▶ _Work to complete_: Starting with the line that holds "Rose, WI 54984" and stopping after the line that holds "현덕면 축구장 인조 잔디", repeat the lines below word for word, without the pictures.

▶ _Records to process_:

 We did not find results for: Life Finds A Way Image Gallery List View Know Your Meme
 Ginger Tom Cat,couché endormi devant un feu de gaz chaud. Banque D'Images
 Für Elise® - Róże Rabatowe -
* * *
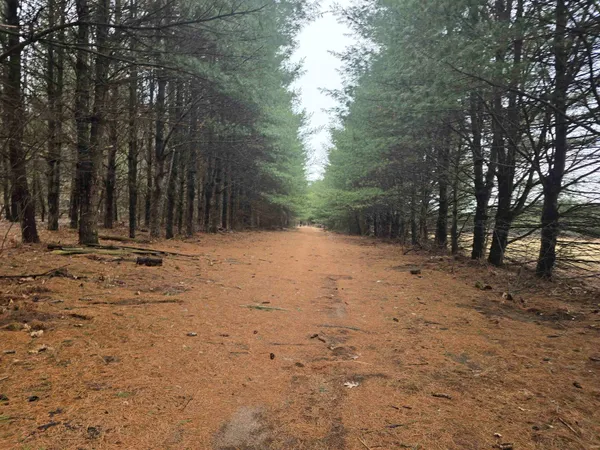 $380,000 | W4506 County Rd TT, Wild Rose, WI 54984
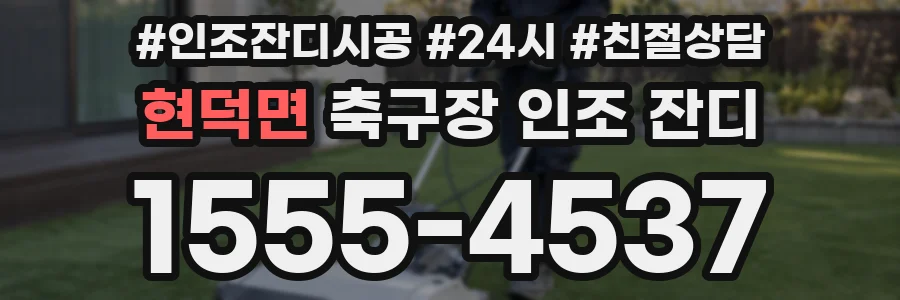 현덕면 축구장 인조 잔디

▶ _Solved exercise_:
 $380,000 | W4506 County Rd TT, Wild Rose, WI 54984
 현덕면 축구장 인조 잔디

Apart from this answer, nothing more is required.